McAndrew also noted that provision in the company by-laws allow for a board of up to 15 members.
“Maybe it would be time to expand that board to take in a broader perspective, perhaps one more oriented to the common people who make up this co-op,” McAndrew added.
His declaration and others against South Slope’s management practices brought rounds of applause from the audience, but Serbousek and fellow employee Amy Crock are equally displeased with the way CWA has represented them as bargaining unit employees.
Serbousek said many of the claims made by CWA representatives in the media recently are misleading or factually incorrect; statements that the lockout occurred after the contract was voted on, and that employees could be forced into lower-paying jobs, for example.

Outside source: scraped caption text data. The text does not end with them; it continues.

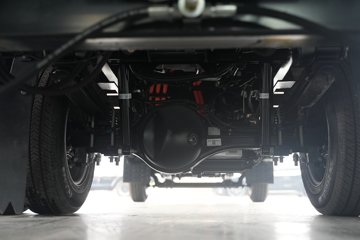 ���ǵ�T4 �Ƽ��� Һѹβ�� 3.7�׵��Ŵ��綯��ʽ�Ῠ ����62.36kWhͼƬ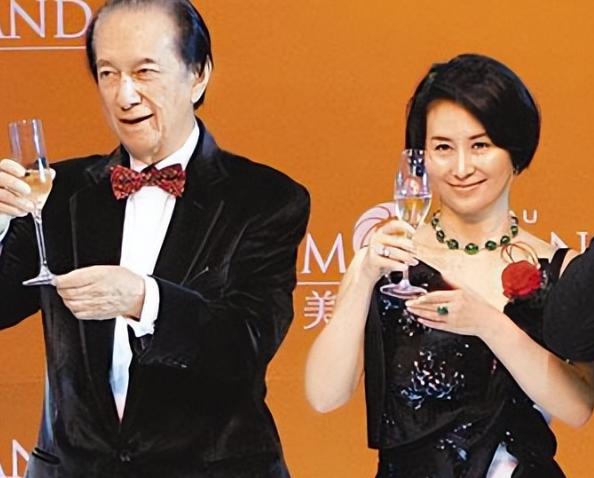 何超琼许晋亨门当户对,陈百强与何超琼门当户对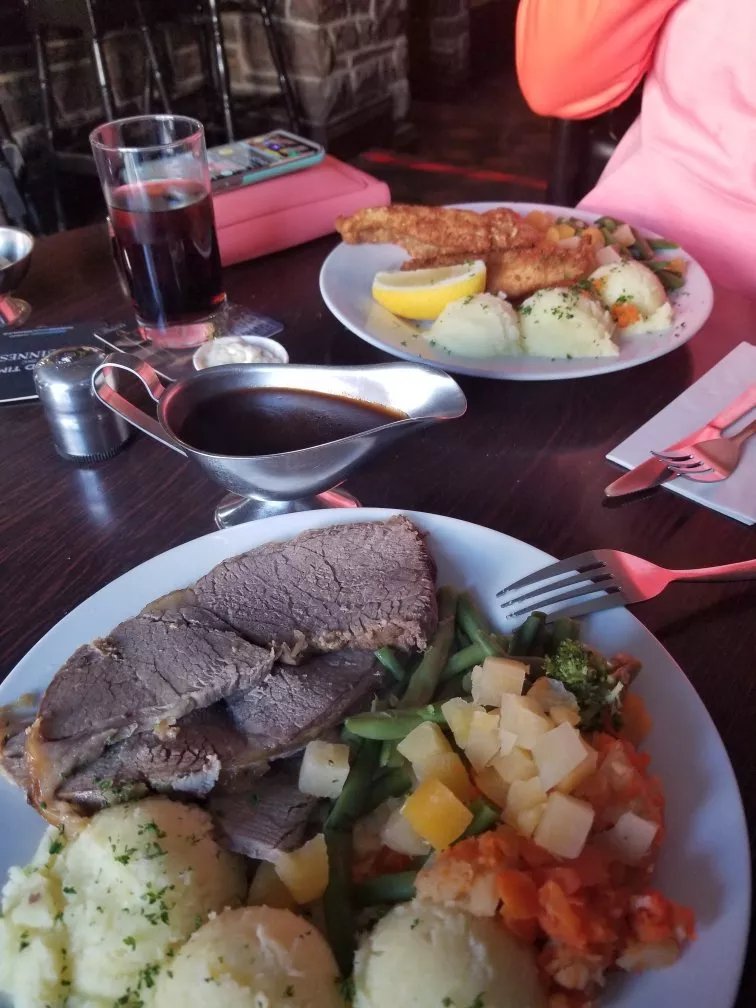 Larkins Pub & Restaurant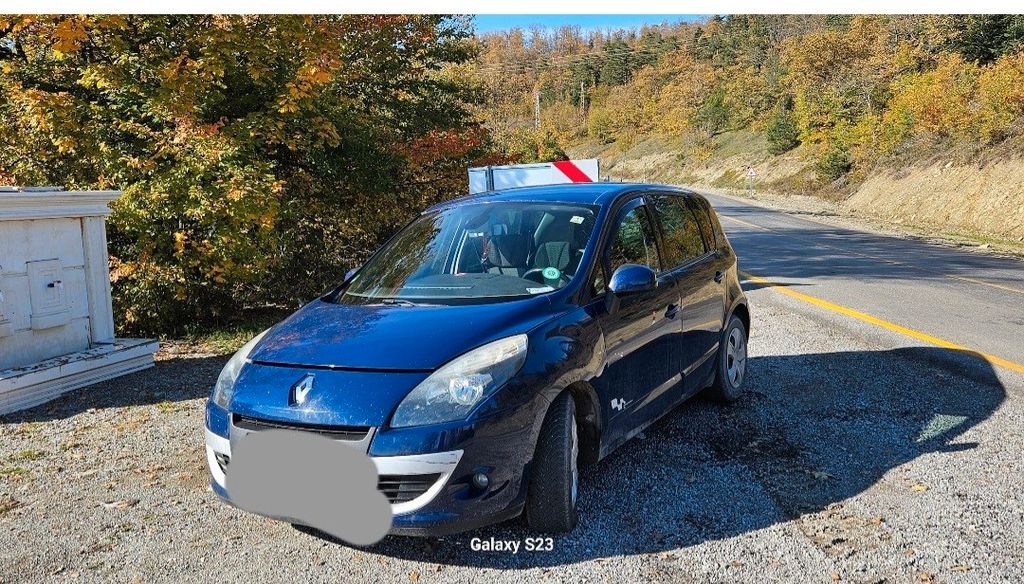 Renault Scenic 200.009 km 2.199 &euro; Duisburg 47167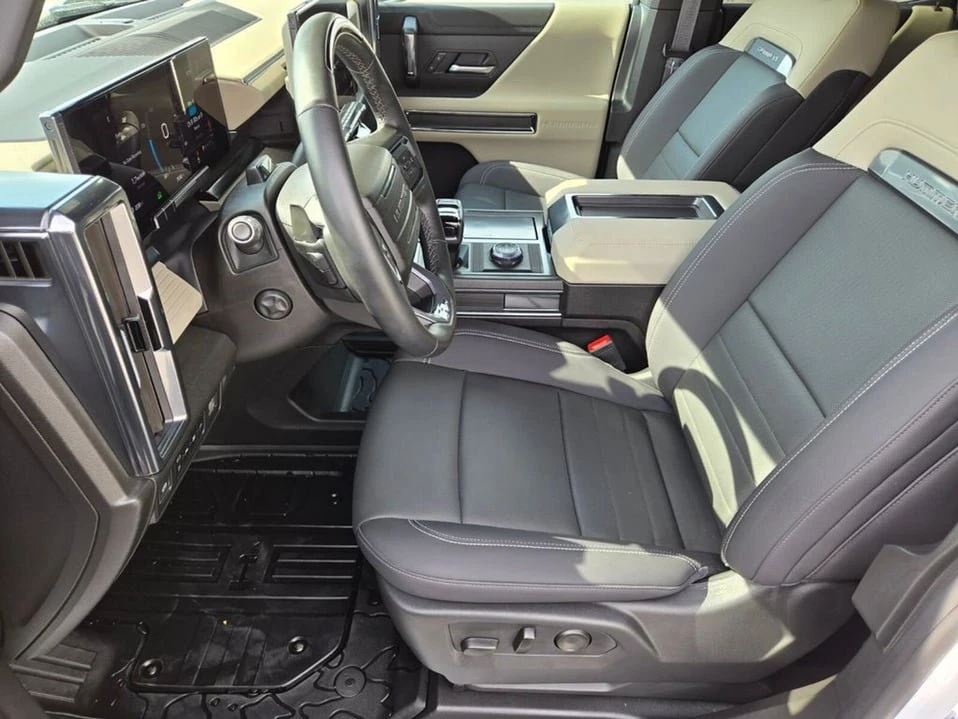 2026 GMC Hummer EV - Image 9 of 20
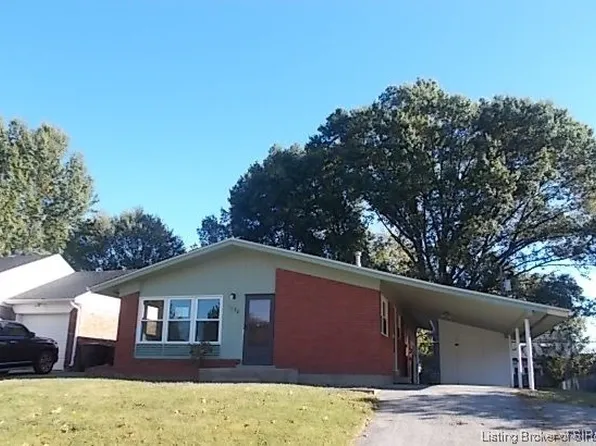 1530 Briarwood Drive, Clarksville, IN 47129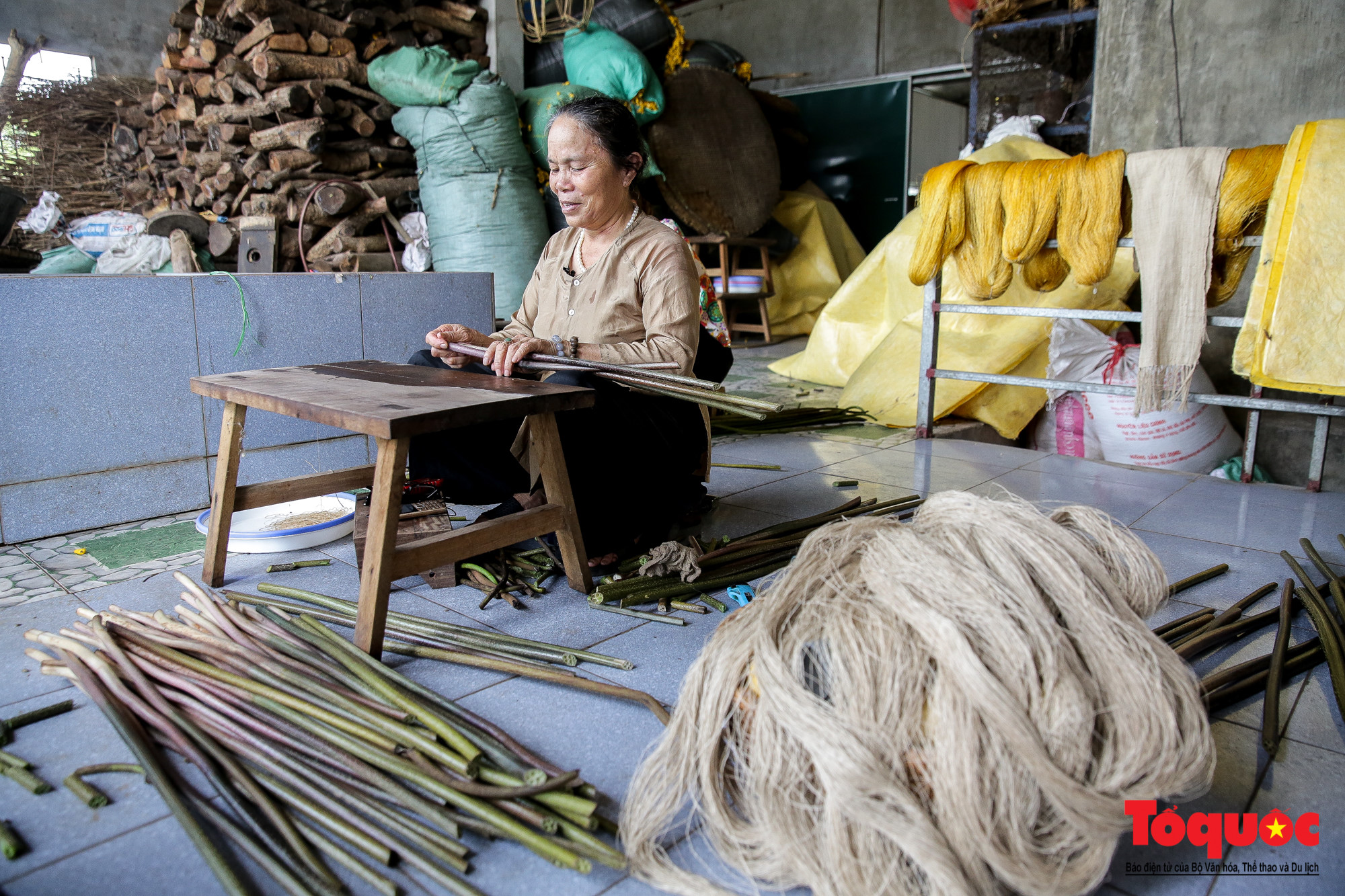 Nghệ nhân đầu tiên Việt Nam dệt vải từ tơ sen: Biến cuống sen thành chiếc khăn quàng giá cả triệu đồng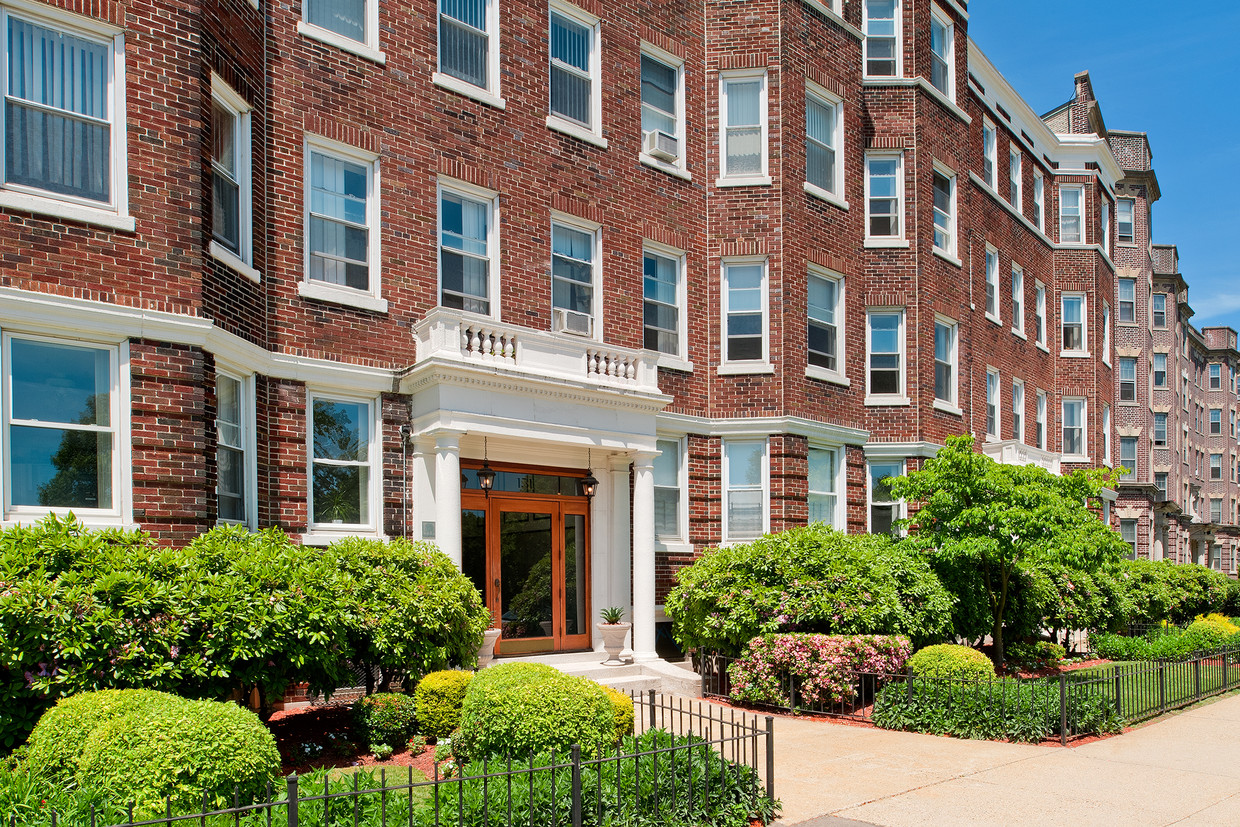 149-151 Park Drive - Apartments In Boston, MA | Apartments.com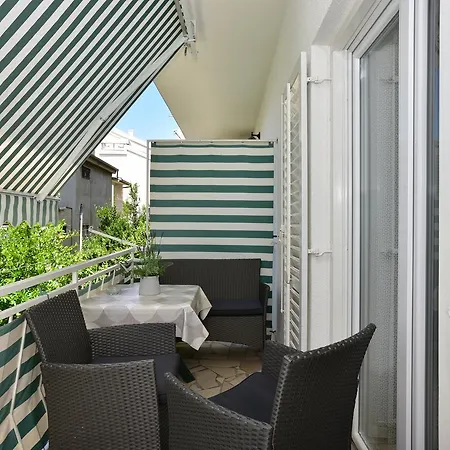 Apartments Luetic Makarska Exterior photo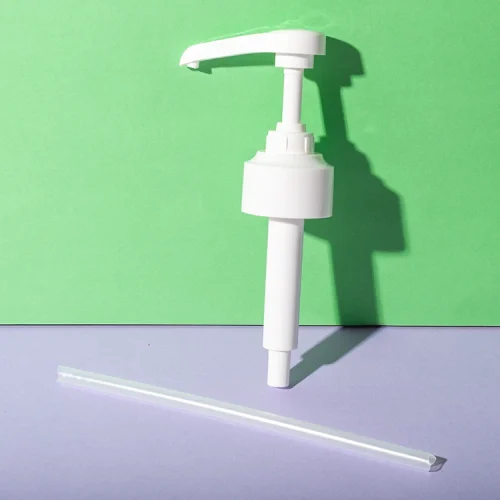 Pompa dosatrice da 5 ml per sciroppo con imbocco universale — vista principale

Crock’s concerns are even more troubling to her. Crock, with 19 years of experience in the telecommunications industry, said she was shocked to learn that a complaint had been lodged by the CWA on her behalf– a claim she had no knowledge of, nor concerns about.
“The CWA union had reported that I was working extra hours against my will and without pay or compensation. This was a complete surprise to me, as any overtime I worked was approved by management and I was punched in. It was my choice,” said Crock. “Furthermore, this concern was not discussed with me, or my next two levels of management by the individual who made the report, or by the CWA before going to South Slope.”
Crock said she felt the action was a slap against her and her direct management, who has always supported her.
“I was hurt, angry and confused– how did this get all this way without talking with me?”
Pence said she had no knowledge of any complaint filed on behalf of a union member without their knowledge, but said she is always available should employees have concerns. “The local has monthly union meetings where people can raise concerns. Or employees can contact a steward or officer outside of work; they are not allowed to discuss union issues during work hours,” Pence said.
It is just another sidebar in the increasingly complex story that has unfolded in the last two and a half months between a company and a union; a sad story at that, Crock indicated.
“When the CWA held the press conference and was not even taking questions from those assembled, or allowing those accused to publically answer in that setting… that was hard to see,” Crock said. Crock finds it ironic that while discussion is everyone’s stated goal, nobody’s really listening anymore.
“Repeatedly, I heard statements from fellow co-workers and CWA members that their concerns were not being heard. There was the perfect opportunity, but they shut the entire discussion down after they made their rally statements. They didn’t even give Justyn or fellow employees the chance to ask questions or answer accusations.
“It’s been a hard atmosphere to get footing in on the conversation,” Crock concluded.
Another bargaining meeting was held Monday, Jan. 27. Pence said she was optimistic afterward.
“I think the company is beginning to understand how existing employees could be harmed by the new two tier wages,” Pence said in an email Monday. “We made some progress and agreed to recess. We expect to continue discussions but do not have a date set.”
South Slope representatives said that at Monday’s meeting, the company worked with the union to better define pay protection for current employees and address non-paid time off, employee recall, and various other issues.
“South Slope remains confident that a solution can be negotiated and hopes the union will continue to make efforts to negotiate in a timely manner,” Miller stated.